EXERCISE REQUIREMENTS: What the answer must contain is every line of the records, exactly, with no pictures.

(Captioned web images)
☆ ☆ ☆ ☆ ☆

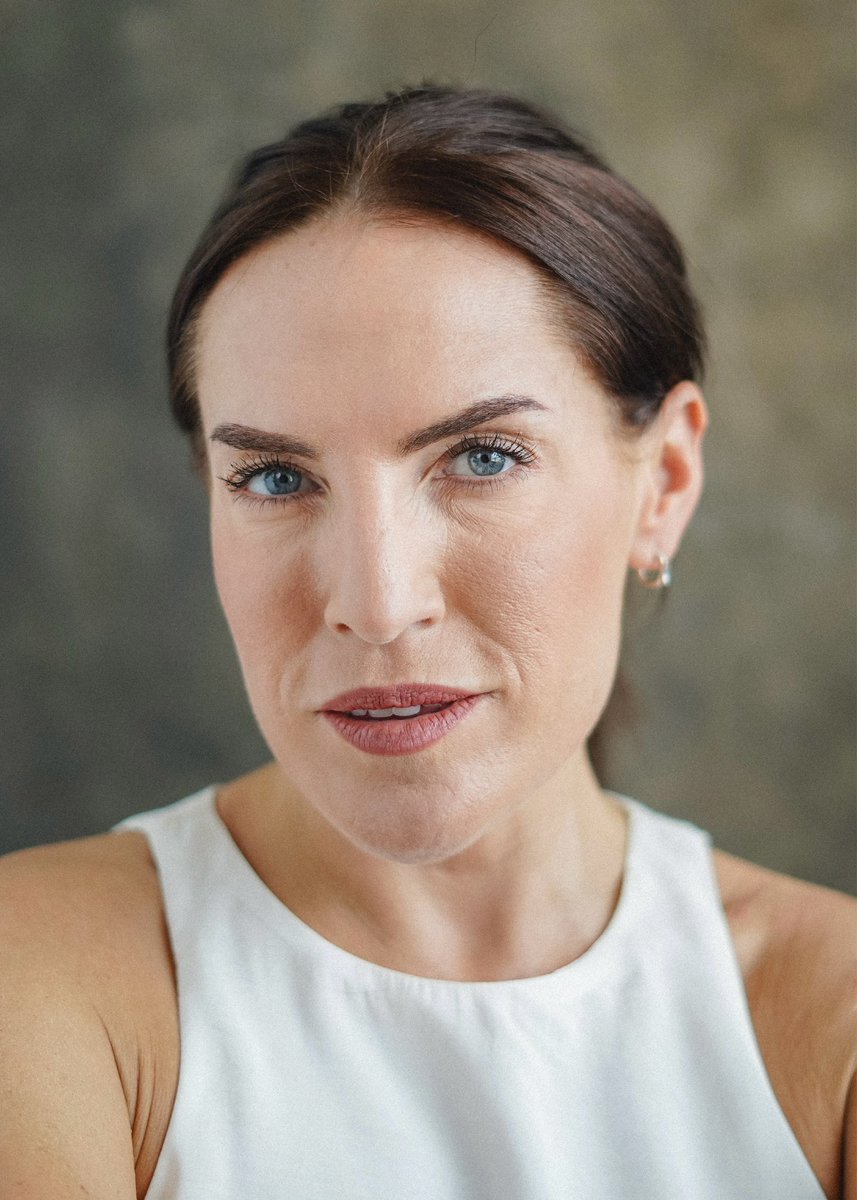 Self tape Saturdays 🎬🎥
2 tapes in a day ! 
Thank you <a href="/LCAperformers/">LCA Academy & Agency</a> ❤️
The new headshots from #VRCStudios working their magic in the casting room 🫶🏼🫶🏼
#actorslife #casting #audition #selftape #headshot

☆ ☆ ☆ ☆ ☆

RESPONSE:
 Self tape Saturdays 🎬🎥
2 tapes in a day ! 
Thank you <a href="/LCAperformers/">LCA Academy & Agency</a> ❤️
The new headshots from #VRCStudios working their magic in the casting room 🫶🏼🫶🏼
#actorslife #casting #audition #selftape #headshot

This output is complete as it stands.